And Then There Was One:

The Last Sugar Plantation in Hawai`i

By Rochelle delaCruz

There was a time when sugar was king in the Hawaiian Islands. It is the reason for Hawai`i’s multicultural population, as nearly 400,000 contract workers came to the Islands from China, Japan, Korea, Scotland, Germany, Portugal, Russia, Puerto Rico and the Philippines to work on the sugar plantations from 1852 to 1945. Sugar is also responsible for Hawaii Creole English, what locals call “Pidgin,” the language that evolved when these various groups needed to communicate in order to live and work together on small islands. Hawai`i’s food, an astonishing variety that offers such delicacies as lup cheong pizza, poi mochi balls and Spam musubi, is also a by-product of the sugar industry.

But as other states and countries are increasing their sugar production, Hawai`i’s sugar industry is not able to complete and plantations have been shutting down. The one plantation left on Kaua`i, Gay & Robinson Inc. recently announced it will close after harvesting its final crop in the mid-2010, leaving only Hawaiian Commercial & Sugar Co (HC&S) on Maui as the last working sugar plantation in the Islands.

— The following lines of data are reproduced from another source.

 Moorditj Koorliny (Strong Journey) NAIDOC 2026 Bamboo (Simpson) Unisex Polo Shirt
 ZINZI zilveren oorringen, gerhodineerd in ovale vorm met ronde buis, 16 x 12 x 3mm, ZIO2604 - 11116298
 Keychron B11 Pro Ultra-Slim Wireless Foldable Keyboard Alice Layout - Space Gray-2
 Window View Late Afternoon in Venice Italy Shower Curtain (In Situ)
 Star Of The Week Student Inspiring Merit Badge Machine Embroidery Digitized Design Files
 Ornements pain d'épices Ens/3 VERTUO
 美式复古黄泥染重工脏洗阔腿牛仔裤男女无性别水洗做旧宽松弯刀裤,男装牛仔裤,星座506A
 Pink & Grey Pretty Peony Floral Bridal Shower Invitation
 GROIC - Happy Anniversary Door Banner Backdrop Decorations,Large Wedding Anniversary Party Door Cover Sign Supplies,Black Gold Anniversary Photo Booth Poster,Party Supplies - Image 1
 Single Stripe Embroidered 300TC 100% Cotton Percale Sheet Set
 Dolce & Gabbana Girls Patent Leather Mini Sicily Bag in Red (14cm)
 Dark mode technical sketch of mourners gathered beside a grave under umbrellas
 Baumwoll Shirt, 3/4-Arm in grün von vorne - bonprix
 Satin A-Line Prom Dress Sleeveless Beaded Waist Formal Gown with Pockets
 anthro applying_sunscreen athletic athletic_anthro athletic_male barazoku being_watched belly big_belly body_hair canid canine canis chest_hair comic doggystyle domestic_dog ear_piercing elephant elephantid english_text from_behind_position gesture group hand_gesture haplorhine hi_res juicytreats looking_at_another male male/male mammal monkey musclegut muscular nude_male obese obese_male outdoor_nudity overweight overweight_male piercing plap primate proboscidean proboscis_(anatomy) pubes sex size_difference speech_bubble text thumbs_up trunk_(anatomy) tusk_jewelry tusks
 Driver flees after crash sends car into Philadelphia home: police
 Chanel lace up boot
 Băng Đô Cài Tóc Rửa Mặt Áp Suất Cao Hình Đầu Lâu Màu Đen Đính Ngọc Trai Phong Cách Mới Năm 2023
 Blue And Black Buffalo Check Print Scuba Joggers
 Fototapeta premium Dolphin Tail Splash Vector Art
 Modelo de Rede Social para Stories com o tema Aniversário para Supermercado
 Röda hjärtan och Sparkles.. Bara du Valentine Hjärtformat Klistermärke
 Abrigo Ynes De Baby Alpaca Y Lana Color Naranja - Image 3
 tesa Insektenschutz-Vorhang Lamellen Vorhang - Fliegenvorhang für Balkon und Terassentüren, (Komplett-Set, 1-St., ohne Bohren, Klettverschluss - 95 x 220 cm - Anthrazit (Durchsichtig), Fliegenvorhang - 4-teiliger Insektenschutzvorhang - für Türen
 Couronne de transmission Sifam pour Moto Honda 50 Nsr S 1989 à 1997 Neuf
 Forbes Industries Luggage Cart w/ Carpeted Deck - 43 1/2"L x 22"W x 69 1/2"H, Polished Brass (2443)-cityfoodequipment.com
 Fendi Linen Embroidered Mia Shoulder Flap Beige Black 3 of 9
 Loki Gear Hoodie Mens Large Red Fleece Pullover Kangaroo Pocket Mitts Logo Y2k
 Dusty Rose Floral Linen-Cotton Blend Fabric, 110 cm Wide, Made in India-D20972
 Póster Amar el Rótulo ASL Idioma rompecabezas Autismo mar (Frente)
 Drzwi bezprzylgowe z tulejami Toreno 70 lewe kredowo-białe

The plantation has been diverting water from East Maui streams for over 100 years to irrigate their sugar fields in central Maui. This was common practice on all the islands, as a series of “ditches” were built in the 1800s to channel water to the sugar crops. However, a “stream first” policy recently approved by the state Commission on Water Resource Management may have an impact on HC&S operations.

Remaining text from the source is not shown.